阿寒湖のアイドルとして不動の地位を築いていたマリモの藻田ルミナが、昨夜突如として自身の球体を高速回転させ、湖底を猛スピードで転がり去るという前代未聞のパフォーマンスを敢行した。これまでのマリモ界は「いかに美しく、いかに微動だにせず光合成を行うか」が美徳とされていたが、ルミナは「静止こそが退屈の象徴」と断言。湖底の泥を巻き上げながら秒速5センチという驚異的な速度でマリモコロニーを爆走する姿に、周辺の古参マリモたちは「見てはいけないものを見た」と、根を張るように震え上がっている。ルミナは逃走中、通りすがりの淡水魚に対し「私の軌跡こそが新しい藻類学の教科書になる」と高らかに宣言し、現在も湖の未開拓エリアへ向けて転がり続けている。
本来、マリモは自らの意志で移動する能力を持たず、水流や波に身を任せるのが宿命である。今回のルミナによる「能動的移動」は、物理法則を無視した筋肉(のような細胞組織)の超高速連動によるものと推測される。背景には、SNS映えを競う若手マリモたちの間で過熱する「映え移動」ブームがあり、単に留まっているだけではフォロワー数が増えないという切実な事情が影響しているようだ。専門家は「彼女の行動は一種の革命だが、エネルギー消費が激しすぎて、明日の朝にはただの茶色い塊に戻る可能性がある」と警告している。

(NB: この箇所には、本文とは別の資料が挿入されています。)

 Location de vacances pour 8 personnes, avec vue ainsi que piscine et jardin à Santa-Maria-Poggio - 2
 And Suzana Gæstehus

一連の騒動に対し、ネット上では「推しが走った!」「エモすぎる」「物理演算が追いついていない」といった熱狂的な声が飛び交う一方、保守派からは「マリモとしての尊厳を捨てた恥さらし」との批判も噴出。阿寒湖漁協は、猛スピードで転がるルミナによって湖底の沈殿物が舞い上がり、視界が悪化しているとして周辺エリアへの立ち入りを制限する事態となっている。藻田ルミナの暴走は、単なる反抗か、あるいは新たな「移動系マリモ」時代の幕開けか。彼女の行方とともに、今後のマリモ界の進化から目が離せない。